Ainslie's fledgling team reached the semifinals of the challenger series, only to lose heavily to eventual winner Team New Zealand. He describes the whole experience as "massively frustrating," knowing from a long way out they didn't have the firepower, in terms of boat speed, to contend.
Ratcliffe chides his new friend: "He's not been very good at not winning, have you?"
Ainslie told Ratcliffe his LandRover BAR team, as it was then known, was "realistically, up against it," saying he would need a far bigger budget -- up to 30% more -- to fund the two radical new 75-foot foiling monohull boats that will be the weapons of choice in Auckland.

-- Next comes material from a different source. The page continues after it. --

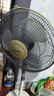 美的（Midea）【闪拆系列】一键闪电拆装直流变频家用语音电风扇一级能效轻音落地扇大风力卧室立式电扇SDJ30BC 实拍图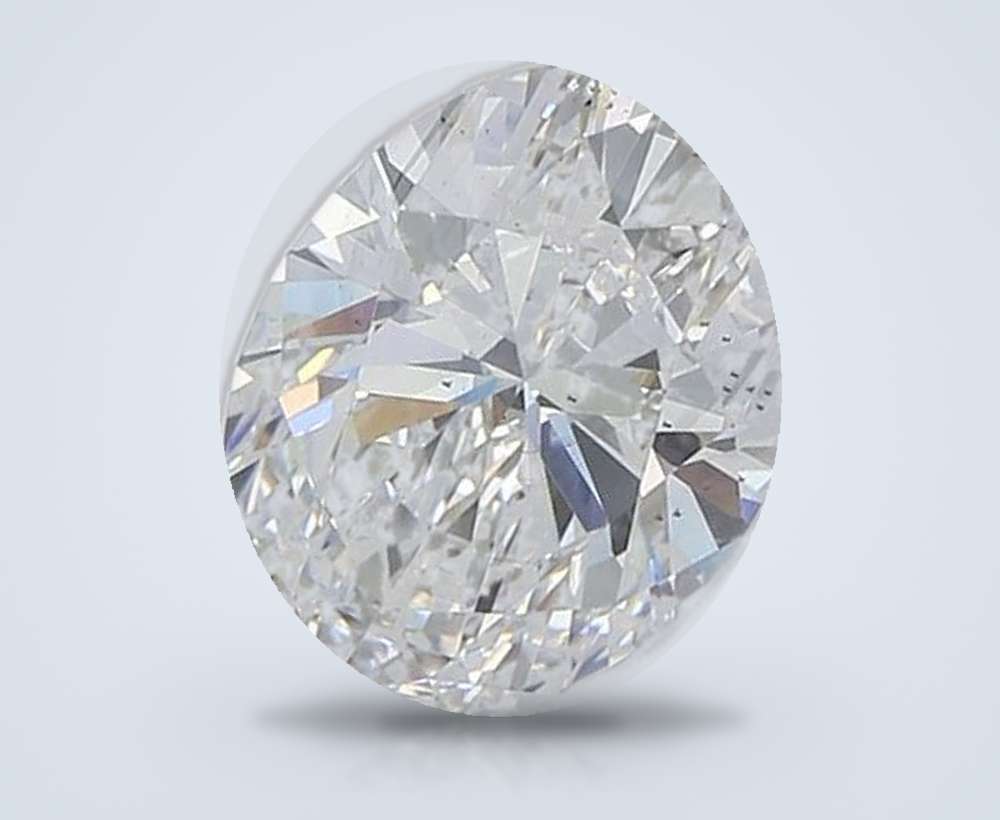 2.30 Carat Oval Lab Diamond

Ratcliffe was keen, but only if Ineos could be the sole sponsor, instead of relying on a coterie of backers. Joint ventures, he says, "just make life more complicated."
"Then it's down to Ben and his team to design a fast boat so you get to the start line with a boat that's competitive and then you've got the race, you've got the sport," he says.
"If you're going to do it, do it properly."
Ainslie had come to the same conclusion and agreed a "gracious parting" with title sponsor Land Rover, as well as backers such as BT, Charles Dunstone of Carphone Warehouse and air miles entrepreneur Keith Mills.
He took up with Ineos within "weeks."
'Don't make the same mistake twice'
Ratcliffe, a keen cyclist, says he has always been competitive. He "hates it" when he is beaten to the top of a climb, even by a colleague who is 40 years younger. And he says he has "never had a friendly game of football."
Now, that fire will be turned towards Britain's attempt to win back the America's Cup for the first time since the inaugural race in 1851.
"It would be immense," he says. "I'd love it. Also for Britain. We've been having a crack for one and half centuries, which describes the size of the challenge, so it would be a fabulous achievement."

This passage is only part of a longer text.